You put a change in a single combinator function and get wastly improved result.

In case of Prolog handling grammars you would have to put cuts all over your grammar definition, risking either loss of specification equivalence or performance.

I have more practical questions. For example, how would you design online parsers - ones that consume item by item and produce intermediate results on the go? How would you design a tree of parsers for editor to speed up reparsing after change?

These kinky Applicative and Alternative combinators let you not to worry about details when specifying the grammar. You specify it with class (pun intended - abstract getting an item into a class and you are done) and lay above the implementation which can be wholesome, streaming, with partial parses, deterministic, etc.


>> Oh, you need to do more than "nothing special" in Prolog to get anything that is mildly useful.

This is really not my experience.

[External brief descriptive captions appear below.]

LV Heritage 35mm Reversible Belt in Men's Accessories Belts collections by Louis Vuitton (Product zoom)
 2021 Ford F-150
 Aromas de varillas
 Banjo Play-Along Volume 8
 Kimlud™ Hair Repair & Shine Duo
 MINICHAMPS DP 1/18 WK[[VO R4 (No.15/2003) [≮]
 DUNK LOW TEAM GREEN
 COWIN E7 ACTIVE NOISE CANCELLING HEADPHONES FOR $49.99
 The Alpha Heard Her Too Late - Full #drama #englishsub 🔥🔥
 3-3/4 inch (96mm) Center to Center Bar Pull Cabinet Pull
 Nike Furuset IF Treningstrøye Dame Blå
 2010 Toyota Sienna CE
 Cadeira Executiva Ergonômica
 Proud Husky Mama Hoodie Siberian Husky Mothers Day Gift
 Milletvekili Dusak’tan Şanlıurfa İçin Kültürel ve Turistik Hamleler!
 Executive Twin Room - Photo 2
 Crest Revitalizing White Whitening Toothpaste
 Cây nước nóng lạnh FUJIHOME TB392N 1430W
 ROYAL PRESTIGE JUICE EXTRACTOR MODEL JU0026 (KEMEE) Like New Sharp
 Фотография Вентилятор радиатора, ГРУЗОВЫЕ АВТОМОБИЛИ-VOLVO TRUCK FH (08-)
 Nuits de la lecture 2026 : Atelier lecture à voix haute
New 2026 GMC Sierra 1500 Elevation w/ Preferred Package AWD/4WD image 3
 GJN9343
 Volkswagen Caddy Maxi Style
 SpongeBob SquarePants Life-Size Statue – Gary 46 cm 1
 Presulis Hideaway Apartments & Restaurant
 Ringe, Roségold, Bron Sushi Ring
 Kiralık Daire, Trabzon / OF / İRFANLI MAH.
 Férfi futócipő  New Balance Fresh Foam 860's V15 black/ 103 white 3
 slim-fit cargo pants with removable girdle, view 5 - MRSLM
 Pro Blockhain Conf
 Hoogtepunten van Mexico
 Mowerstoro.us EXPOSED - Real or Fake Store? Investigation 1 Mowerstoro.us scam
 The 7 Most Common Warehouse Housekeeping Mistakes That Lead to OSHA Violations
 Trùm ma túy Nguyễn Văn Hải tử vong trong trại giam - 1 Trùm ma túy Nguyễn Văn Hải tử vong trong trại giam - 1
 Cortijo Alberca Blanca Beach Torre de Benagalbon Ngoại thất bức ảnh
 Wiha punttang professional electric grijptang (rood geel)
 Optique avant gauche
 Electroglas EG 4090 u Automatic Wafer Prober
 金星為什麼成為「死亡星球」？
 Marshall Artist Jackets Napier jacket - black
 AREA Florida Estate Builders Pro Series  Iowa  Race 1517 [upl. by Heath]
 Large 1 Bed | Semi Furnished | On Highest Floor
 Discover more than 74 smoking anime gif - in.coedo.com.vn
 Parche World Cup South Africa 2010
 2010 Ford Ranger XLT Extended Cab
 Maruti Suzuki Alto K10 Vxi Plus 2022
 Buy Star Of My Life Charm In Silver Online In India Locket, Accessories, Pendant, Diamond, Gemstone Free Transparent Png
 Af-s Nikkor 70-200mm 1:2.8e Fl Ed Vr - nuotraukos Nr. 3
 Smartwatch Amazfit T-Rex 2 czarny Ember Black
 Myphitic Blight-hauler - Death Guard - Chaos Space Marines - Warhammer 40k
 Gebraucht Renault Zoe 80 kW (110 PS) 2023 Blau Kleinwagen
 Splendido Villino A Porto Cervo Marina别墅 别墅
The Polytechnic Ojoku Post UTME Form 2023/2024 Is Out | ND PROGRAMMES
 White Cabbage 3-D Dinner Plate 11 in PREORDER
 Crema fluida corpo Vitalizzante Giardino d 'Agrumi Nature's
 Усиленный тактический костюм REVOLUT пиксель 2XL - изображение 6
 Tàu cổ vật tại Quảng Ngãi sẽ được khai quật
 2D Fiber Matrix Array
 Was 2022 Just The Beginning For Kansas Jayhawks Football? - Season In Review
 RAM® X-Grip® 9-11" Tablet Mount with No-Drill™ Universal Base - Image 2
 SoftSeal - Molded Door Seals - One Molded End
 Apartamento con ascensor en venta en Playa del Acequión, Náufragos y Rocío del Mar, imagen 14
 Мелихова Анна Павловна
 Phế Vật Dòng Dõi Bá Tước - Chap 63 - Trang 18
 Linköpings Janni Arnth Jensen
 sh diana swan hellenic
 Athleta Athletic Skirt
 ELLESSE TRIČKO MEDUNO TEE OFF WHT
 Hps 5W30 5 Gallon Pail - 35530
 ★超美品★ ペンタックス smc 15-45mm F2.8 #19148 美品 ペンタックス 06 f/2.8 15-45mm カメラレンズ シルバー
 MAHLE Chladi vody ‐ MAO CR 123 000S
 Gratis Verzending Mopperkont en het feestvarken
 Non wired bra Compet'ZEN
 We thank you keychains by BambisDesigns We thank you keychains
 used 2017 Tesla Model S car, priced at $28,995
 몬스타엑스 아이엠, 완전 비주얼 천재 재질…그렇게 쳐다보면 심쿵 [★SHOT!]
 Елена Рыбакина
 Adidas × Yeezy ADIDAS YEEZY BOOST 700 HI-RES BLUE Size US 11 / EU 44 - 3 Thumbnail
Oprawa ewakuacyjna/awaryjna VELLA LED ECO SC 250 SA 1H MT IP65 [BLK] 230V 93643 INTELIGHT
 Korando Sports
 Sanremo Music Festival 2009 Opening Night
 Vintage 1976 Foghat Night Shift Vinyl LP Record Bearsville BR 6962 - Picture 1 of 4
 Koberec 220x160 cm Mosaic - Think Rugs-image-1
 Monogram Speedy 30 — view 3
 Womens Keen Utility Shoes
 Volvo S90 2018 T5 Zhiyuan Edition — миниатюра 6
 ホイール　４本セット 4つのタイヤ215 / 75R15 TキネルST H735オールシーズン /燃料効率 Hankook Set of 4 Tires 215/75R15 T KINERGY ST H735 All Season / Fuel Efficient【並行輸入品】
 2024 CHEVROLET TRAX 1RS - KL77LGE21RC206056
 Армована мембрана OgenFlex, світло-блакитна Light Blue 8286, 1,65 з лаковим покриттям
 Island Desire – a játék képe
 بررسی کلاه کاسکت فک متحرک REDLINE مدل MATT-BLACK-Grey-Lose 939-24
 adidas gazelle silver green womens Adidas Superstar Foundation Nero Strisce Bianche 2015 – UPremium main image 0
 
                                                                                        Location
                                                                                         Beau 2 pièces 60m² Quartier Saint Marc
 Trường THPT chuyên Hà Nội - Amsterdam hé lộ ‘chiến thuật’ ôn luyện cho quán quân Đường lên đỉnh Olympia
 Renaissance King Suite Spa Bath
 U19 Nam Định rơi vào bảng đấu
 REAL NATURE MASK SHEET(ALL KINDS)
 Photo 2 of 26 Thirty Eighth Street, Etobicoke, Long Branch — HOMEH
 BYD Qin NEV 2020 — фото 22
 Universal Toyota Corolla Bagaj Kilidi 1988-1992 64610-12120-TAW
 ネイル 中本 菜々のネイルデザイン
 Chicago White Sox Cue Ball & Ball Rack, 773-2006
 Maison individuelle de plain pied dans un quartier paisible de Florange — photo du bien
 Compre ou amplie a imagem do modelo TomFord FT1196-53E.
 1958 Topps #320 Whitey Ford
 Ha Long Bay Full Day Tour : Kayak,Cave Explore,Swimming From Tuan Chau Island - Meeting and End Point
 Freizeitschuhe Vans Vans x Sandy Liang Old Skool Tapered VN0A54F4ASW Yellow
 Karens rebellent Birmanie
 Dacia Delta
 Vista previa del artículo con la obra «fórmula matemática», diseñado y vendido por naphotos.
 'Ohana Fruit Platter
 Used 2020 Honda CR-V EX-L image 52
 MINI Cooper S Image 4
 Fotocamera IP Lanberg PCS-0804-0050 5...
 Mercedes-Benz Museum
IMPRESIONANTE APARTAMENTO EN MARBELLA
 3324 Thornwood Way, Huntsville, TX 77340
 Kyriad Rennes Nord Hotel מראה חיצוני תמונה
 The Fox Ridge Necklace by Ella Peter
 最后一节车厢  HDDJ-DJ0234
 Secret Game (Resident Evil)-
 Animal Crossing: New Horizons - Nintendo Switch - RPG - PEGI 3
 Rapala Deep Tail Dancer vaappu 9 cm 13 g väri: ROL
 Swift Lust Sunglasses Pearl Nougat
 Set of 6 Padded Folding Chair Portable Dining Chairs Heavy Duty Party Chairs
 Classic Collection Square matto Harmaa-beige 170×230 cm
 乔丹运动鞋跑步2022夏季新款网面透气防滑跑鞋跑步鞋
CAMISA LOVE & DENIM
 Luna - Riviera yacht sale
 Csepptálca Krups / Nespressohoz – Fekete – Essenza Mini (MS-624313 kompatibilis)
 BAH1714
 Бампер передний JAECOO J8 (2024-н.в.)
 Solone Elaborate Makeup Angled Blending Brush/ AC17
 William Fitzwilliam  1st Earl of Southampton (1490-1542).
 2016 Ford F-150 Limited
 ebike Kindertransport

I've been coding in Prolog for 10 years and done a bunch of useful stuff, if I say so myself (my latest baby: https://github.com/stassa/metasplain). Constraint (logic) programming is cool and useful, but it's not necessary. It's just a particular logic programming paradigm. Actually, although I do find it very nice and pure, in a declarative sense, I don't think I could code all my stuff in CLP.

I can't say I understand your parser combination notation. The syntactic sugar of DCGs means that if you can read BNF, you can read a DCG. Simple syntax that doesn't get in your way when you're trying to do complicated things is a hallmark of Prolog in general.

Cuts are also not necessary- DCGs are one kind of Prolog program where I almost never use cuts. One reason for that is that you usually want your grammars to be nondeterministic, so that you can use them as generators. DCGs basically just process lists, so it's not usually that hard to ensure a grammar doesn't overgenerate. You really don't have much use of cuts with DCGs, unless you use them to write arbitrary Prolog programs, rather than parsers (which you can do, since DCGs are syntacitc sugar for ordinary Prolog- but I generally don't).

The online grammar outputting intermediary results you're describing, I think you're talking about something like this (not tested):

  s --> a, b.
  a --> [a], {writeln('Found an a')}.
  b --> [b], {writeln('Found a b')}.
The curly braces, {}, embed arbitrary Prolog code in the body of a rule (which btw makes DCGs Turing-complete, I guess) that is executed as soon as it's found in the body of the grammar. You can go a long way with it.

The "parser tree" you describe would probably need some coding around the grammars, i.e. you'd have to write special code to combine a few parsers. Or maybe not, I'm not sure because I haven't tried to do what you say. What do you use something like that for?


Please share any examples you know of on how to do this!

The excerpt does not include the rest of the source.